··· Records shown

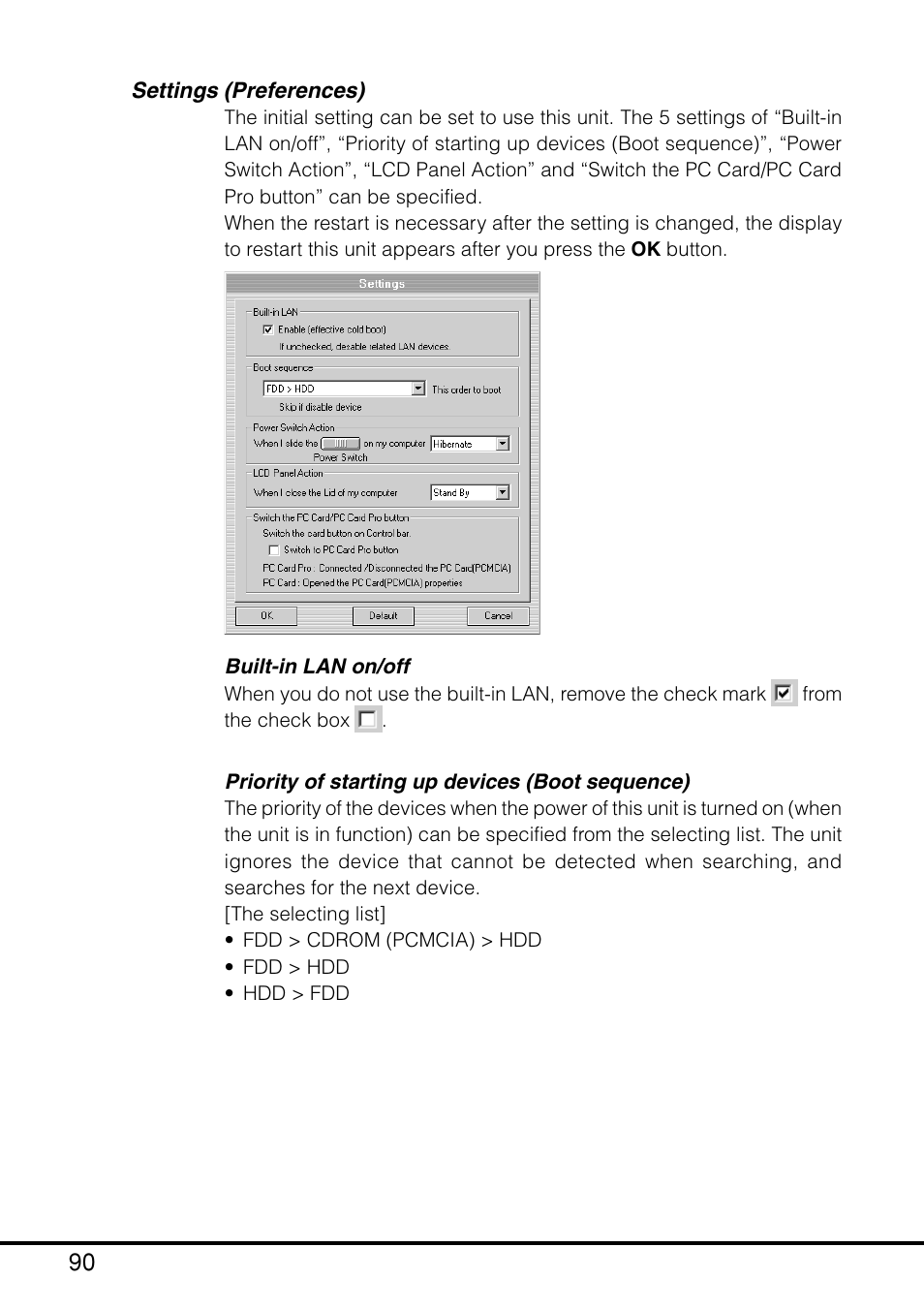 Settings (preferences) | Casio MPC-205E User Manual | Page 92 / 145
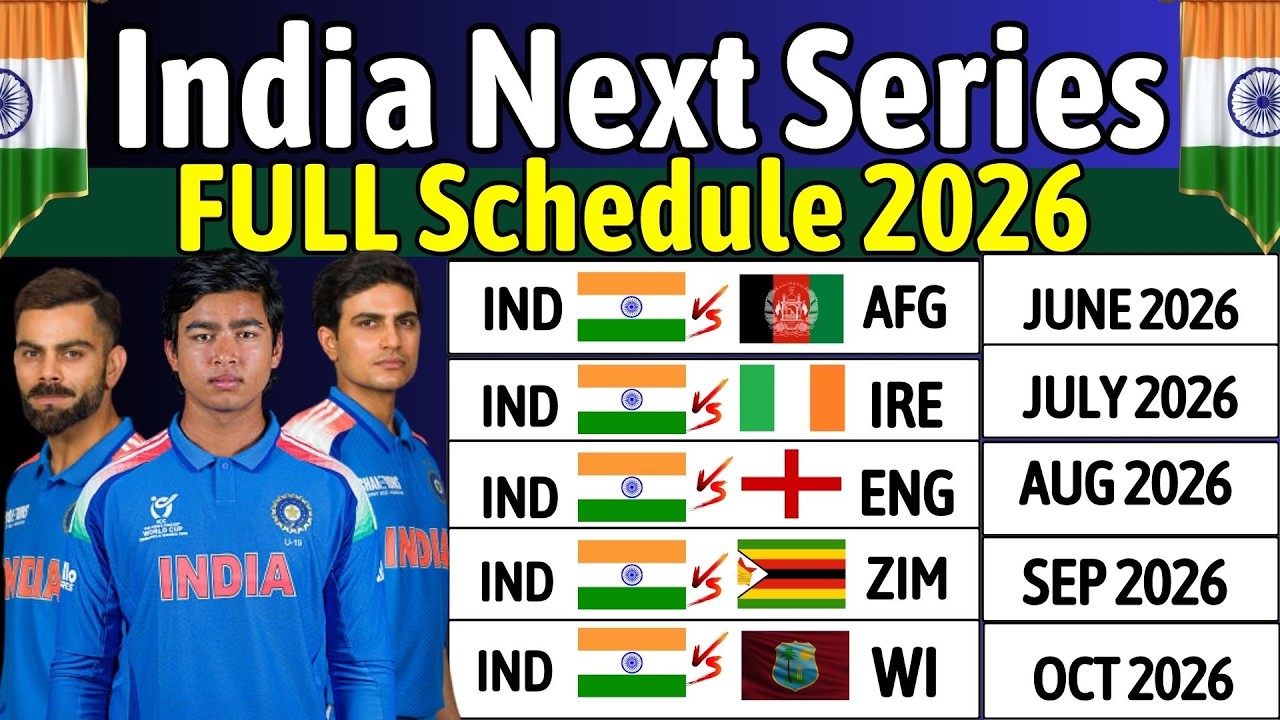 India Schedule 2026: Indian Cricket schedule after IPL 2026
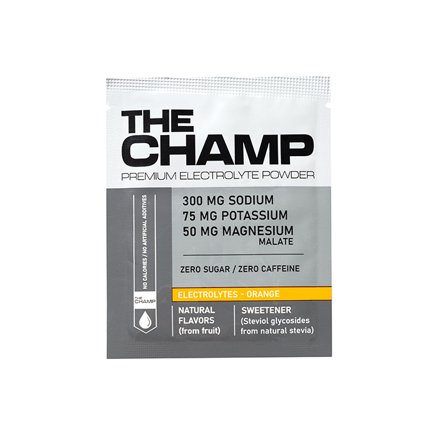 Vitaminer 12 x THECHAMP Elektrolytpulver 4,5 g, Apelsin - Bodyman.dk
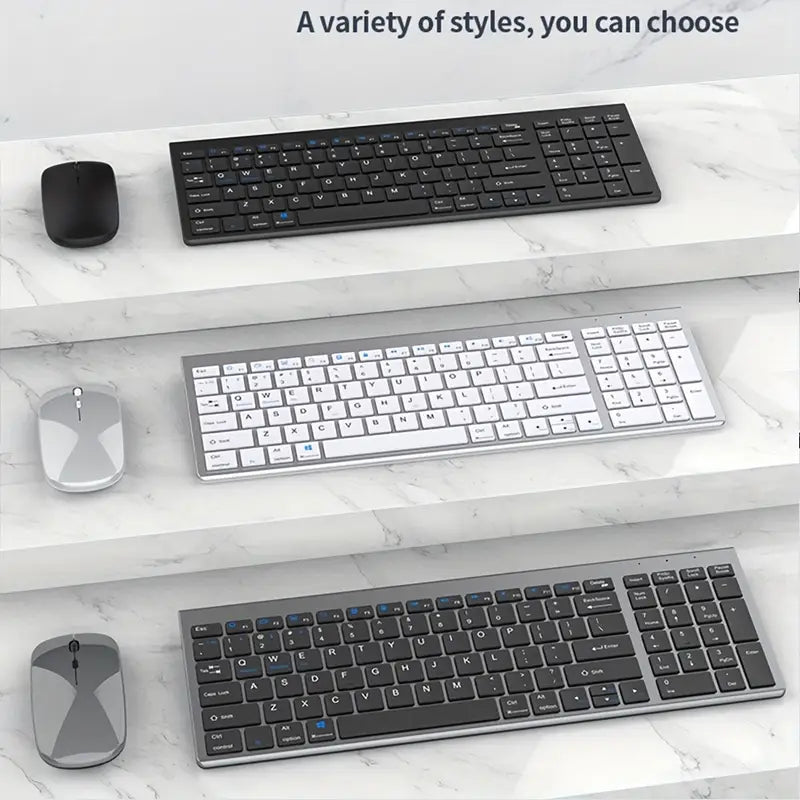 Wireless Keyboard and Mouse Combo Rechargeable Full Size Multi-Device Wireless Keyboard Mouse Combo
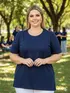 Blusa Plus Size Fenomenal Visco-Premium Confort: Elegância Corporativa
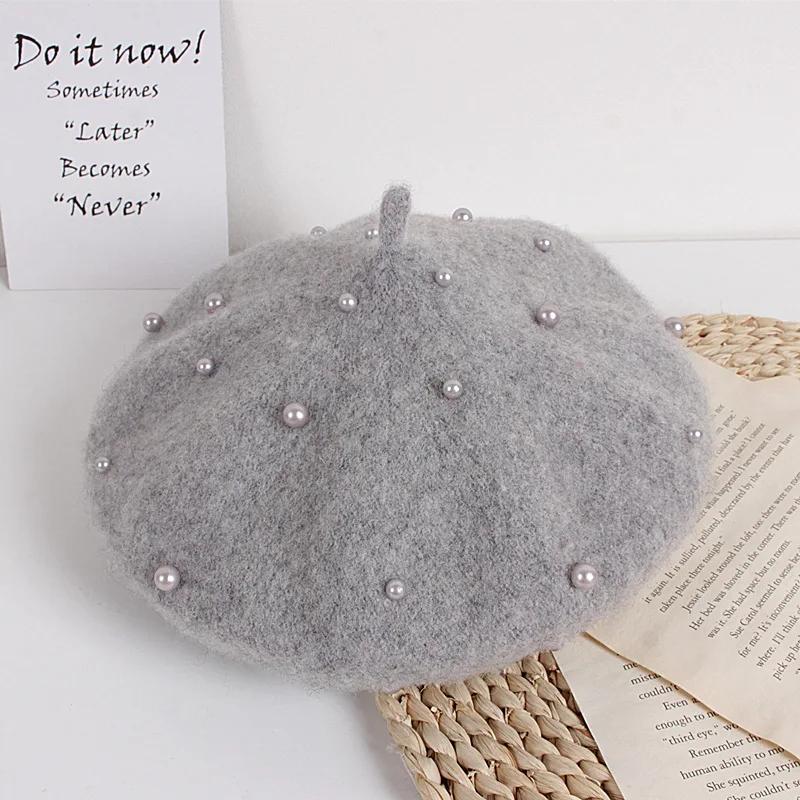 Moda Nuova Principessa Bambine Ragazze Cappelli Berretti Adorabili Berretti con Perle Cappelli Primavera Autunno Inverno Bambini Piccoli Ragazze Cappelli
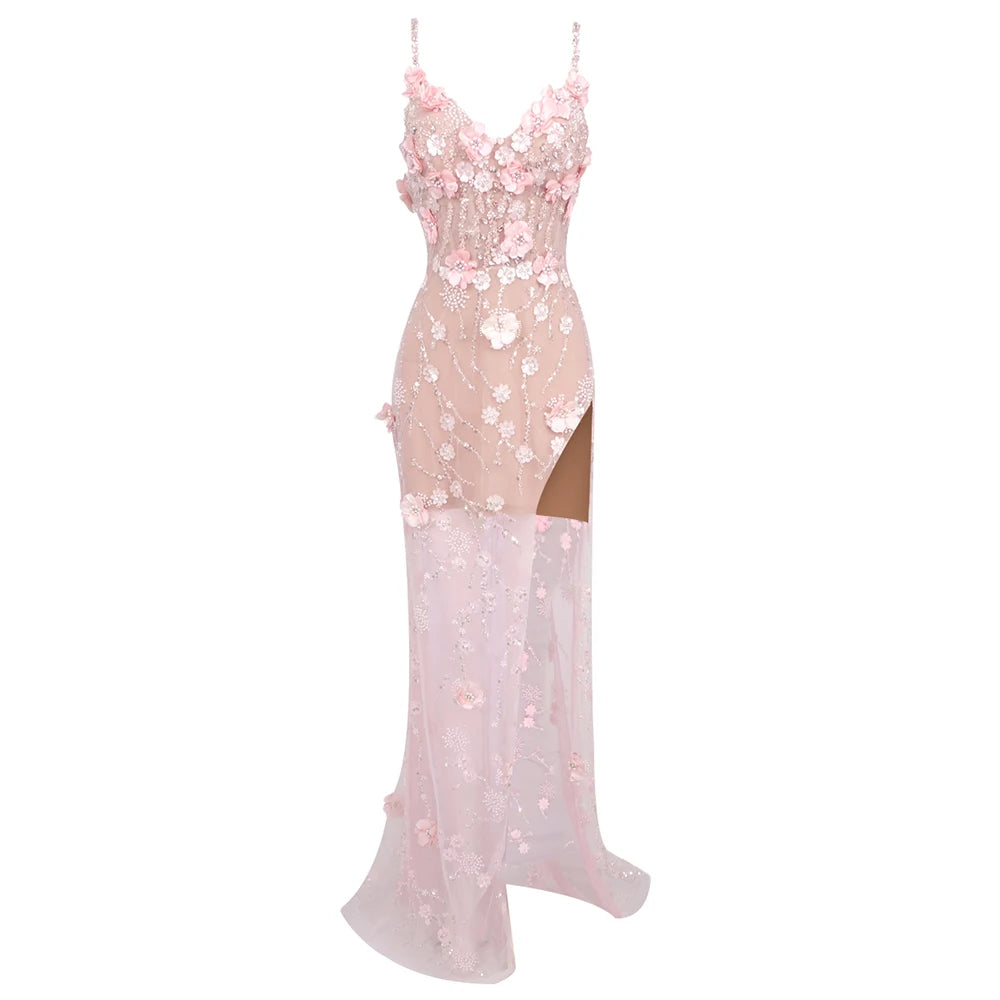 Diamond Beaded Spaghetti Strap Long Dress Pearls Sequins Structured Flowers High Split Sheer Mesh Trendy Celebrity Party Gown Pink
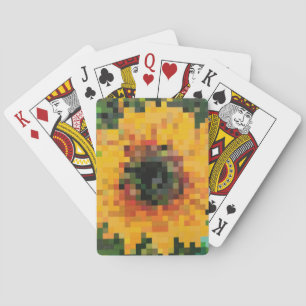 Jeu De Cartes Tournesol brillant Floral Pixel Art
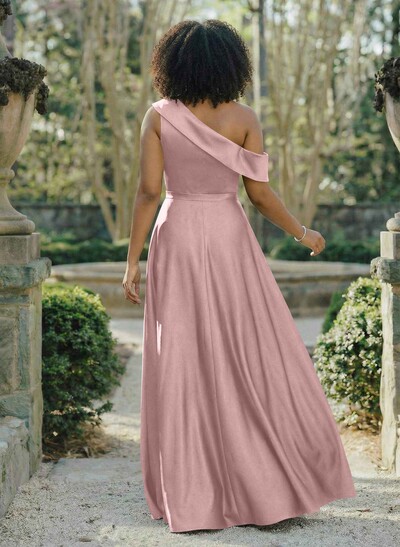 A-Line Asymmetrical Sleeveless Floor-Length Satin Bridesmaid Dresses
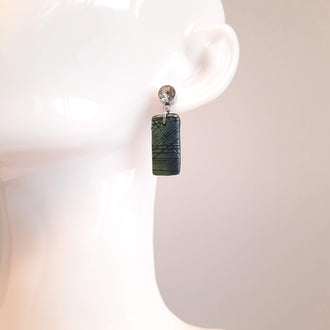 Pendientes Rectangular Labradorita Azul con Base Acero y Strass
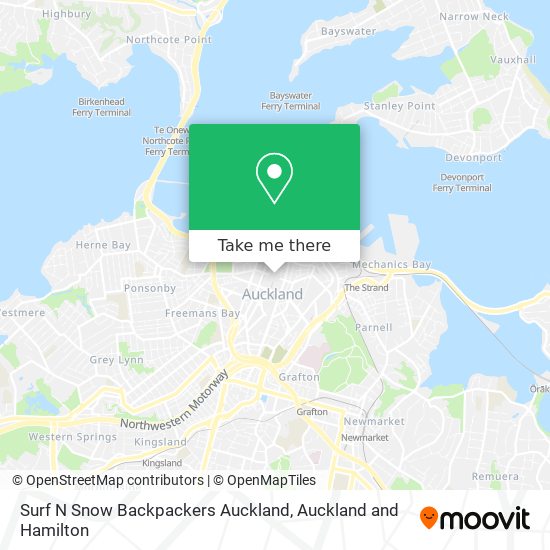 Surf N Snow Backpackers Auckland map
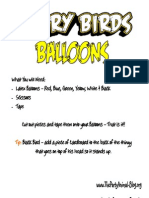 Angry Birds Balloon Templates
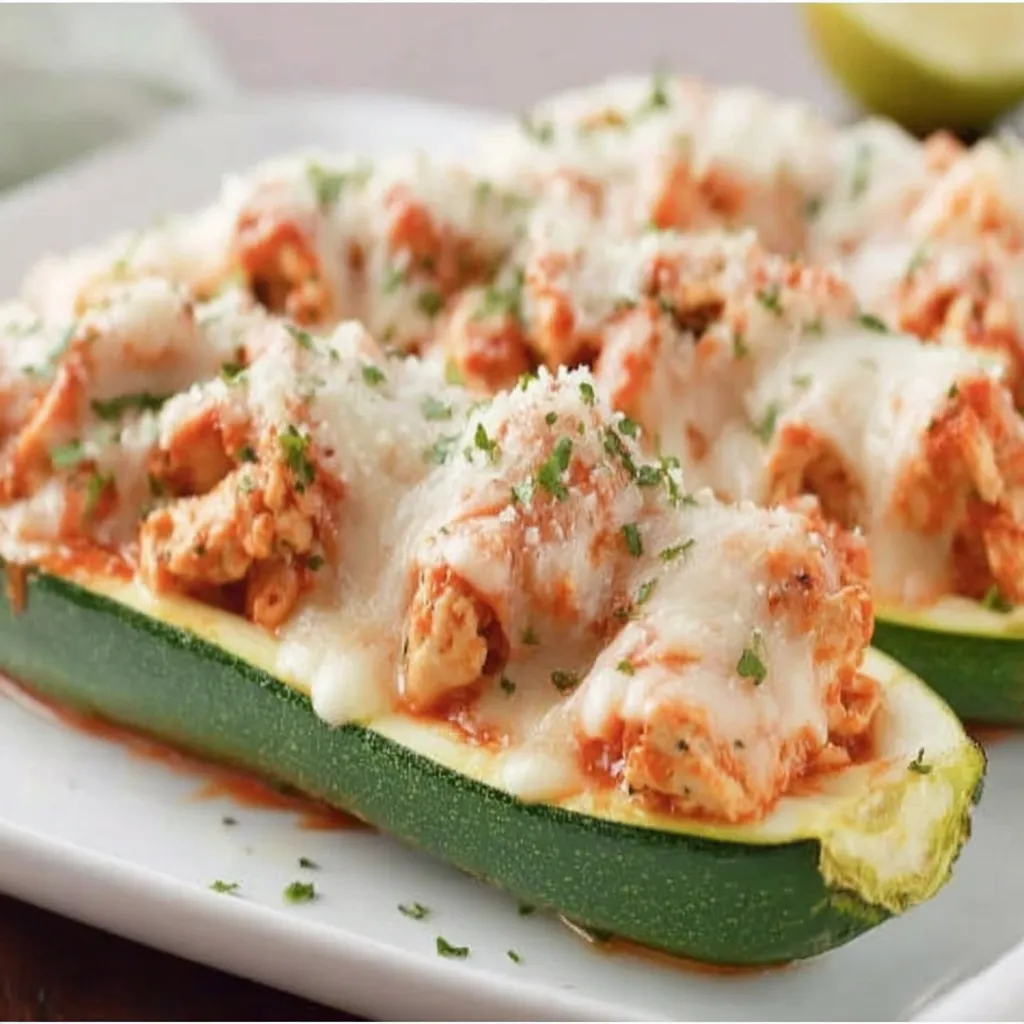Cheesy Chicken Zucchini Boats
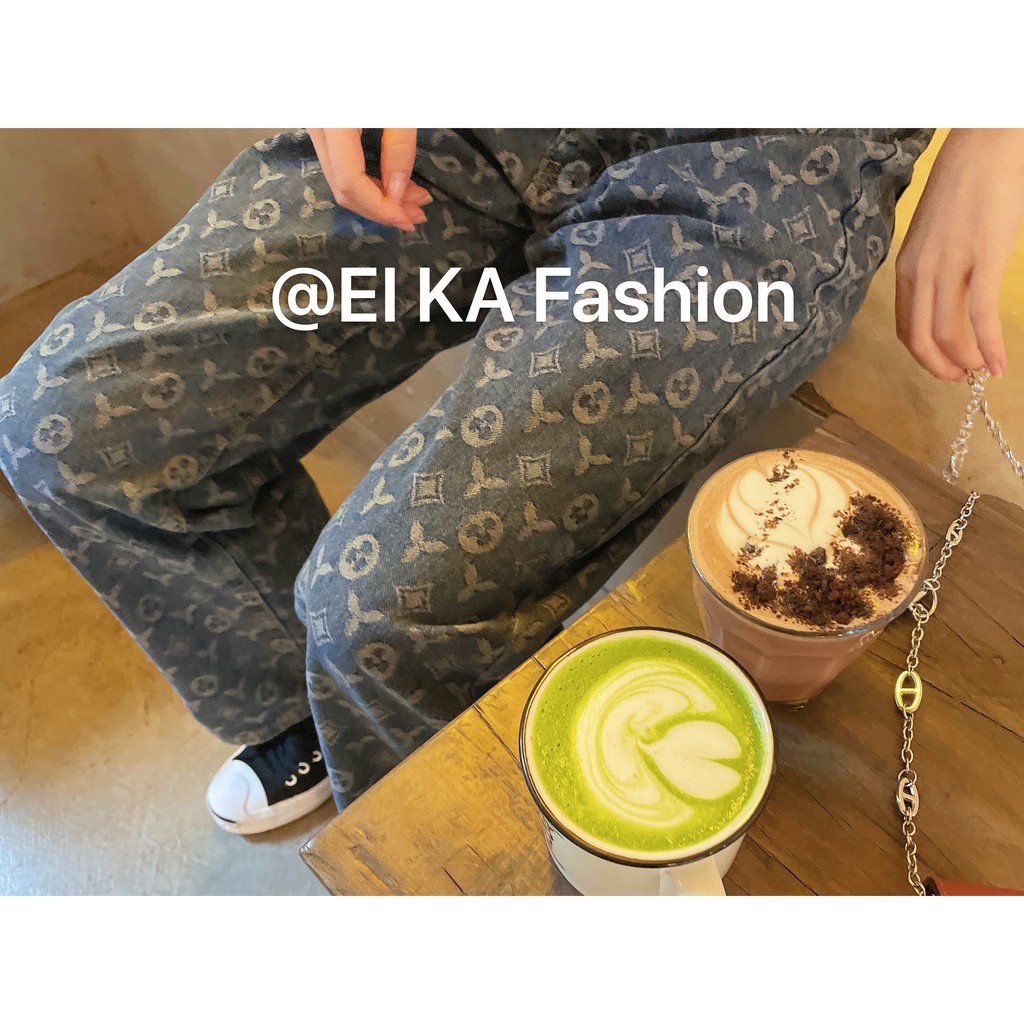 Quần Jeans Ống Đứng In Họa Tiết Phong Cách Hàn Quốc Size (M-L) Cho Nam Quần lv quần lv ống rộng | BigBuy360 - bigbuy360.vn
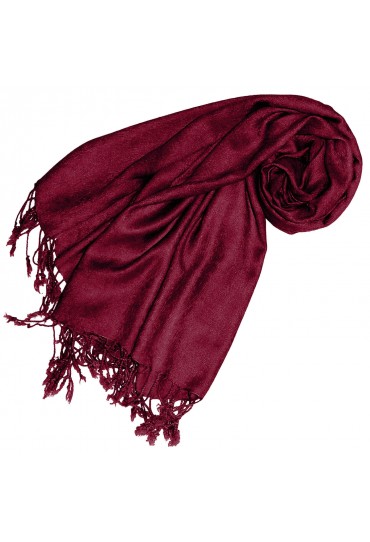 Viscose scarf Burgundy with fringes LORENZO CANA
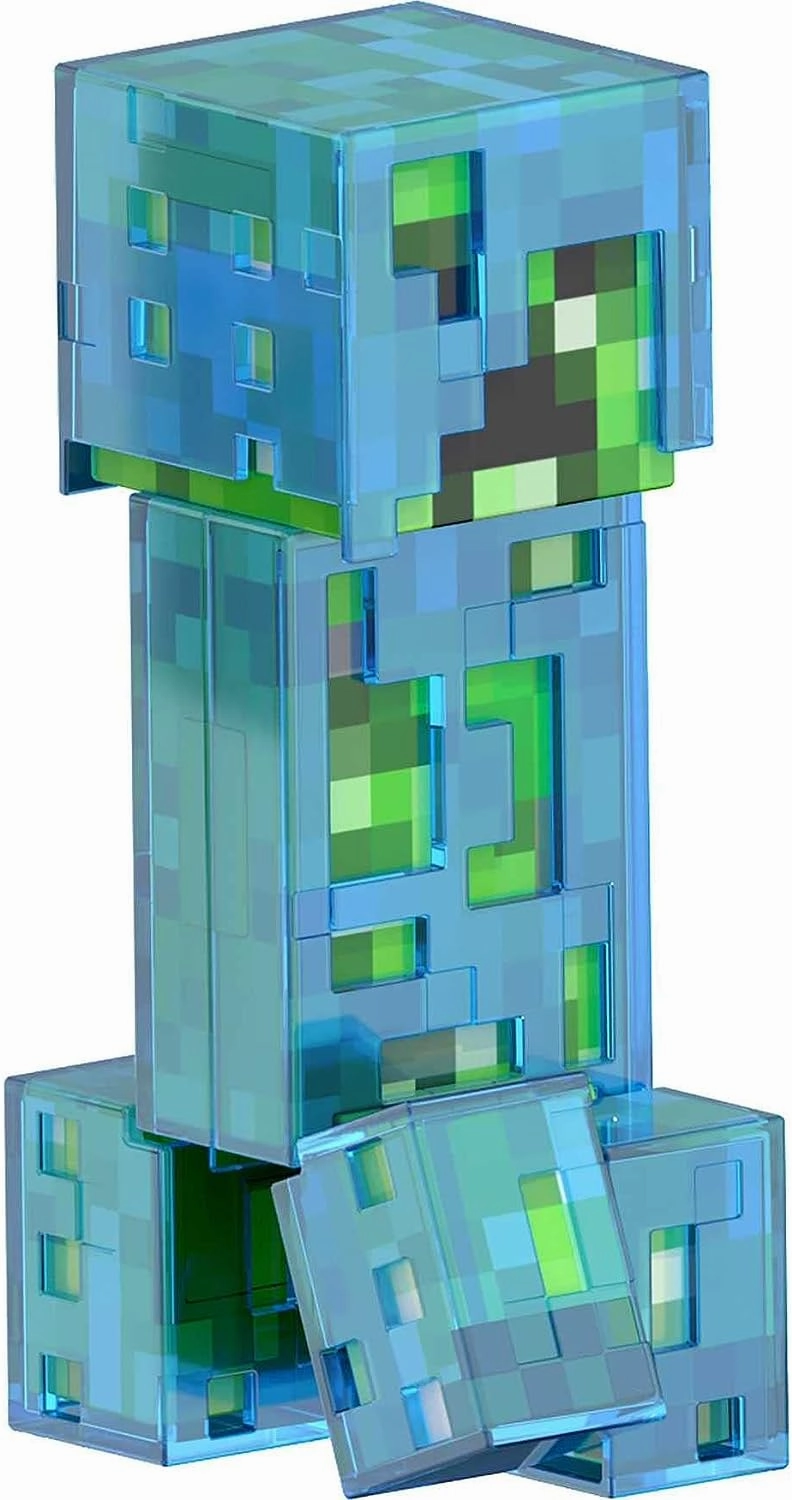 Babykids_Mattel_Toys Mattel Minecraft Diamond Level Creeper, 5.5-inch Collector Action Figure with Die-cast Accessories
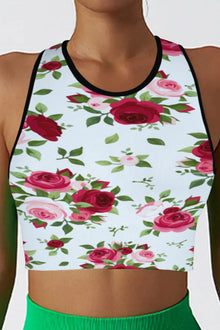  LC264658-P120-S, LC264658-P120-M, LC264658-P120-L, LC264658-P120-XL, White Floral Print Cropped Racerback Sports Tank Top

······

#### [Task requirements]
Only those lines from the one containing "Jeu De Cartes" to the end of the material above, retyped exactly and without pictures, belong in your reply.

#### [Result]
 Jeu De Cartes Tournesol brillant Floral Pixel Art
 A-Line Asymmetrical Sleeveless Floor-Length Satin Bridesmaid Dresses
 Pendientes Rectangular Labradorita Azul con Base Acero y Strass
 Surf N Snow Backpackers Auckland map
 Angry Birds Balloon Templates
Cheesy Chicken Zucchini Boats
 Quần Jeans Ống Đứng In Họa Tiết Phong Cách Hàn Quốc Size (M-L) Cho Nam Quần lv quần lv ống rộng | BigBuy360 - bigbuy360.vn
 Viscose scarf Burgundy with fringes LORENZO CANA
 Babykids_Mattel_Toys Mattel Minecraft Diamond Level Creeper, 5.5-inch Collector Action Figure with Die-cast Accessories
  LC264658-P120-S, LC264658-P120-M, LC264658-P120-L, LC264658-P120-XL, White Floral Print Cropped Racerback Sports Tank Top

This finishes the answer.